Taking her victory lap, Stefanik, R-N.Y., tweeted, “One down. Two to go.” The two in question are Harvard President Claudine Gay and Massachusetts Institute of Technology President Sally Kornbluth, both of whom responded to Stefanik’s interrogation in similarly perplexing ways. Soon after the hearing, Gay issued her own apology.
After watching the entire five-hour hearing I am left with countless questions. Questions like: How did Stefanik — an election denier and Jan. 6 apologist and, most relevantly, a person who has trafficked in white nationalist ideologies — somehow seize the moral high ground in defense of Jews? How did she trip up the talented and polished leaders of America’s premier universities?

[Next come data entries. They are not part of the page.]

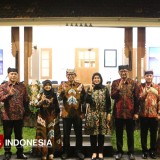 Pisah Sambut Dandim Banyuwangi: Doa untuk Letkol Joko, Harapan untuk Letkol Triyadi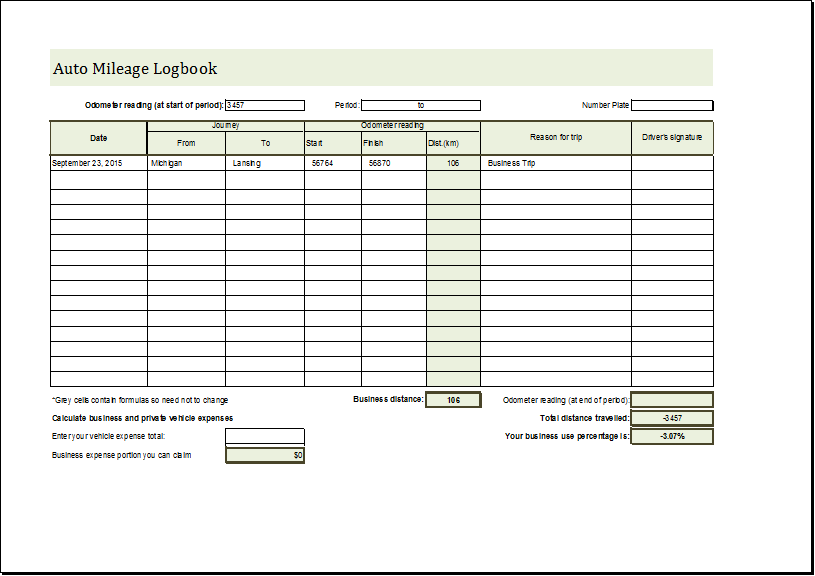 auto logbook Kleo.beachfix.co auto logbook Kleo.beachfix.co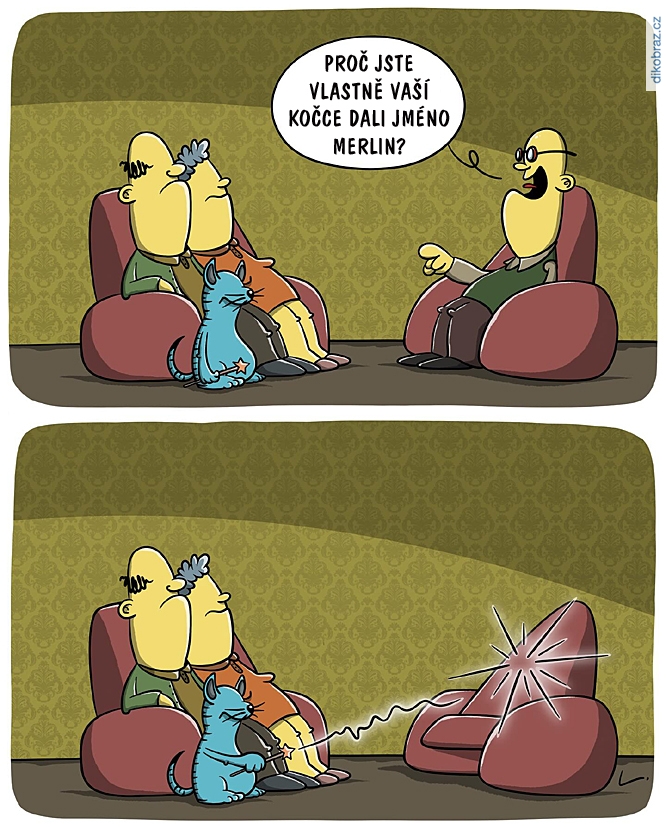 Thomas Luft (Cartoonalarm) vtipy č.82276 - 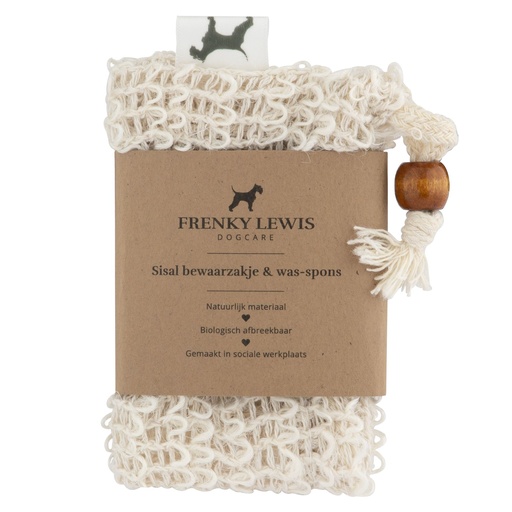 [FL25791] Frenky Lewis Waszakje 1 st.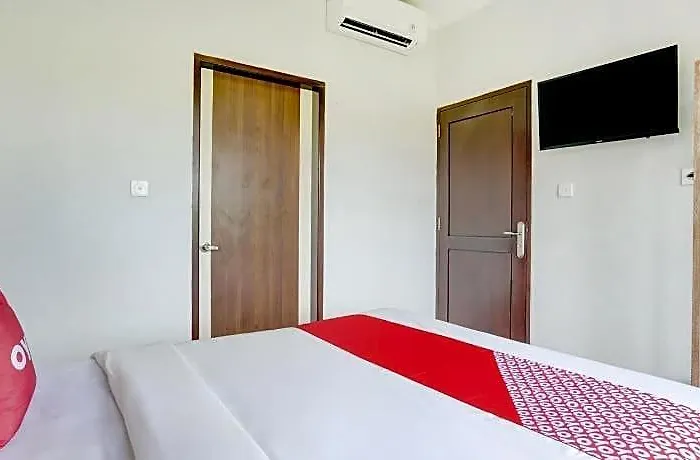 Oyo Puri Kramas Canggu (Bali)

Part of her attack consisted of framing concepts in ways that the presidents — with the possible exception of Kornbluth — did not seem to notice. Throughout the hearing, Stefanik equated “intifada” with the “genocide [of Jews].” A video shown at the beginning of the hearing established that student protesters chanted this Arabic word. Most literally, the word means “uprising,” but it has a long history and a wide range of context-dependent connotations. To most Jews, however, its meaning is unambiguous: sustained violent activities against…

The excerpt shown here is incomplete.